Por Demarchi
O transformismo perigoso de uma toga
Saul Leblon
O desequilíbrio emocional do relator Joaquim Barbosa
na sessão desta 4ª feira do STF escancara o papel híbrido - e temerário
- assumido por ele desde o início desse julgamento. Barbosa ora veste a
toga de relator, ora de acusador; faz as vezes de juíz e de Ministério
Público, ao mesmo tempo e com igual intensidade. Alterna-se nesse
trasformismo à sua conveniência e arbítrio. Causa constrangimento seu
descontrole. Acima de tudo, preocupa os riscos dessa escalada.
A espiral ascendente desenha uma linha de colisões que
atropela os limites e a liturgia da função, desrespeita a presunção de
inocência dos réus e agride os demais membros do Supremo. Sobretudo o
revisor, no seu papel sagrado de contemplar um segundo olhar sobre cada
linha do processo, tem sido alvo da intolerância dessa toga que se
evoca uma suficiência ubíqua estranha ao Direito - exceto em um
tribunal de exceção.
Em qualquer sociedade onde impera o Estado de Direito,
comportamento assemelhado autorizaria arguir se os extremos dessa
conduta já não teriam resvalado a fronteira do impedimento. Não basta
apenas conhecimento jurídico fascicular. A missão de relator pede
serenidade, equilíbrio e grandeza histórica.
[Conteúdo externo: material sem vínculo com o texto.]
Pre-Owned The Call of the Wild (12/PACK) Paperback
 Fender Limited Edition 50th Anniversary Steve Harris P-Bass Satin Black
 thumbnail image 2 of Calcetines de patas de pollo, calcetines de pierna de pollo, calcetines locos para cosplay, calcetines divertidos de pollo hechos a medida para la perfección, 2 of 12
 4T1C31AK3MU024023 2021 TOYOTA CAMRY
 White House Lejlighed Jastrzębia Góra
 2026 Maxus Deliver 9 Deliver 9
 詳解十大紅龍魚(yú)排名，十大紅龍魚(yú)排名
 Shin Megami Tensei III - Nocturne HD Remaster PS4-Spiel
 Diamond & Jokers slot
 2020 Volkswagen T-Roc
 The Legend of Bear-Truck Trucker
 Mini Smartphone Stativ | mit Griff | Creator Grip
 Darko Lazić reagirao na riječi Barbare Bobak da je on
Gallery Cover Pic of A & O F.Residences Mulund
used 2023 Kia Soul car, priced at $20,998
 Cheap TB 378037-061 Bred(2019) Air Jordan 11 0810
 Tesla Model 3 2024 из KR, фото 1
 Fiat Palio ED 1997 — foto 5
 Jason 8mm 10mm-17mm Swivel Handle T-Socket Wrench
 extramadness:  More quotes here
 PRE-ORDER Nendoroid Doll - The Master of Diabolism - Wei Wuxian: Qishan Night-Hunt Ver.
Foi esse o sentido da advertência figurativa feita
pelo cientista político Wanderley Guilherme dos Santos, quando declarou
a Carta Maior: "A cabeça de um juiz não pode pensar como a de um
taxista" (leia a íntegra nesta pág).
A figura algo caricata que vai se delineando sob a
toga híbrida pode dar razão aos temores mais pessimistas de segmentos
democráticos e ecumênicos da sociedade brasileira, signatários de um
manifesto de ampla adesão nos meios artísticos e culturais.
A volúpia condenatória ameaça a isenção e o
contraditório. São esses os requisitos que diferenciam um julgamento de
um linchamemto, mutação abertamente encorajada por certa mídia, mas que
não pode contagiar o relator, a ponto de ser capturado como personagem
desfrutável de um simulacro de Justiça.